This is the word of the Lord. (Thanks be to God.)

“All people are like grass, and all their glory is like the flowers of the field; the grass withers and the flowers fall, but the word of the Lord endures forever.” [1 Peter 1:24-25]

Let’s pray …

Lord, as we come to your Word,
we ask you to teach us the way of your statutes,
that we might keep it to the end.
Give us understanding, that we may follow your word
and observe it with our whole hearts.
Incline our hearts to your testimonies,
and not to our own selfish ends.
Turn our eyes and attention now from frivolous things,
and give us life through your word.
Grant this for Jesus’ sake. Amen.
[Based on Psalm 119:33-34, 36-37]

INTRODUCTION

Our text this morning is remarkably trinitarian. It focuses on the Father and the Son, but we need to remember that in the chapters that came before this Jesus spoke extensively about the Holy Spirit and how the Holy Spirit is involved in the ongoing work of God in the church.
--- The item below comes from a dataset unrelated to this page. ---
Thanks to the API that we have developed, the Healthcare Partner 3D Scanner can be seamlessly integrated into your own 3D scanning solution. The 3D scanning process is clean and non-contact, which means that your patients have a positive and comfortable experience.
And so Jesus here highlights the way that the triune God of the Bible is at work, the God who is one God in three persons, as we have already sung this morning.
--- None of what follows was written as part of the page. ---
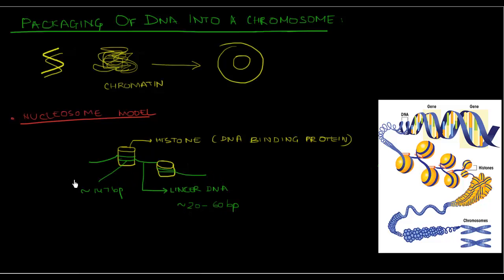Overall, this is the nucleosome model. If we look at the structure, it appears that DNA is a string onto which the histone proteins appear to be beads. For that reason, this entire nucleosome model is also referred to as the 'beads on a string' model, where the string is the DNA and the beads are the histone proteins.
Over and over again in this text Jesus speaks of the interactions between him and the Father – he speaks of how they work together, he speaks of the things they share together, he speaks in a variety of ways about their relationship. And then, in the second half of the text Jesus prays for his people, which we know from the previous chapters is a prayer about the work of the Holy Spirit.

And so the Christian doctrine of the trinity is woven throughout this text, and revealed in it. But what is especially interesting is how the trinity is revealed.
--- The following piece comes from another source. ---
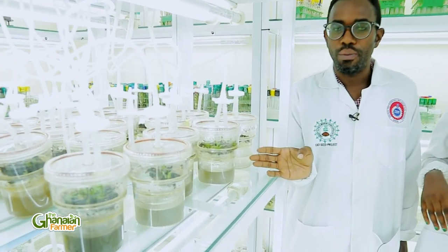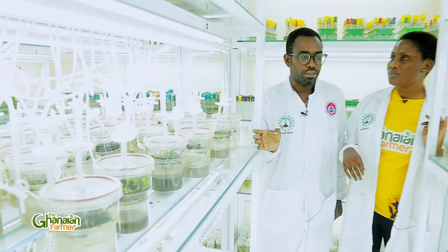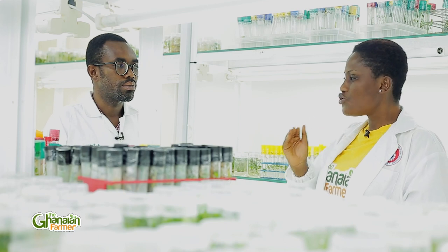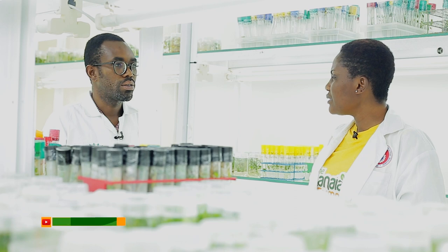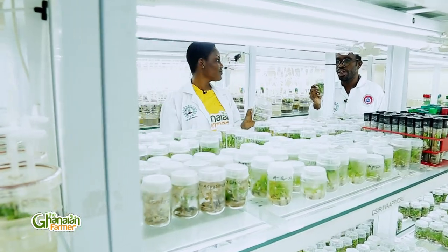When we talk about tissue culture, what we want to say is growing cells or parts of an organism in an artificial medium for them to grow. Plant tissue culture in agriculture means getting a plant part, bringing it to the lab, cleaning it, and making it grow in glass. Then, after doing everything, sending it back to the field for the farmer to get their planting material to grow.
Jesus does not here give us a philosophical lesson on the ontological trinity. He doesn’t describe the trinity in static or abstract terms. But instead he speaks of the active trinity. The three persons in the Godhead, Father, Son, and Holy Spirit – who are, of course, united in nature – are presented here as also being united in purpose – in three purposes, in fact, in which they all participate. They are active in the salvation of God’s people, in the mission of God’s people, and in the identity of God’s people.

And so, rather than stepping back for an abstract lesson on the trinity this morning – as interesting as that would be – I want to focus on what Jesus tells us here the triune God is seeking to do in us … and I want to consider how we tend to resist it.

The trinity is at work in our salvation. The trinity is at work in our mission. And the trinity is at work in our identity, in our understanding of who we are … or, more accurately whose we are.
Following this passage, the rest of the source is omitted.